Instructions to follow: Give again, exactly and only, the lines running from the one with "a bed room with a bed and a couch" to the end of the material below; leave out pictures.

Dataset excerpt:
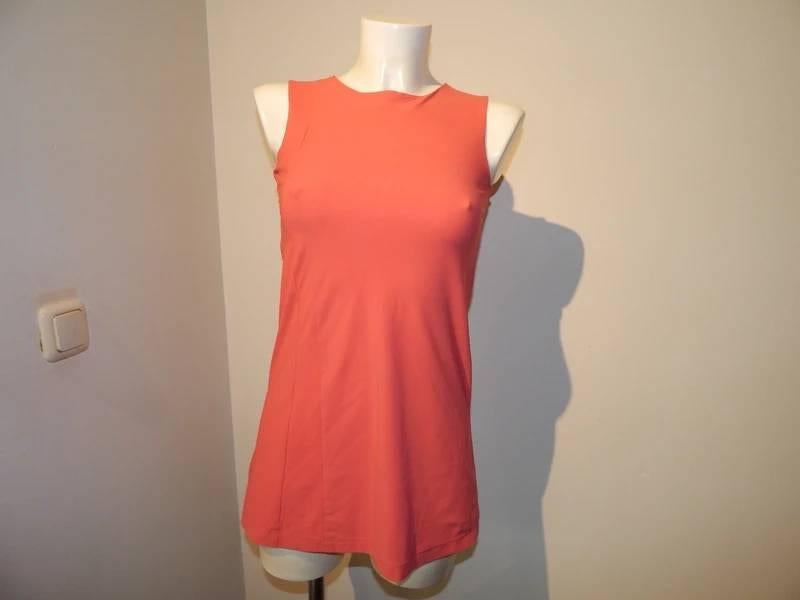 Ladress koraal kleurige stretch top iets langer model XS, Kleding | Dames, Tops, Zo goed als nieuw, Maat 34 (XS) of kleiner, Overige kleuren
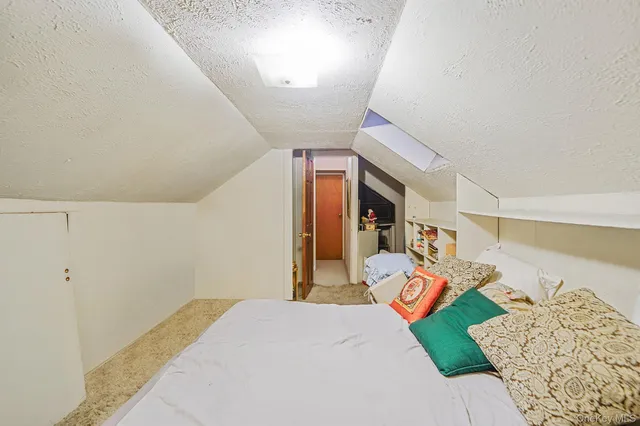 a bed room with a bed and a couch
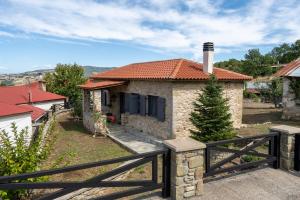 a small stone house with a red roof at Doukas Village House in Gávros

Completed exercise:
 a bed room with a bed and a couch
 a small stone house with a red roof at Doukas Village House in Gávros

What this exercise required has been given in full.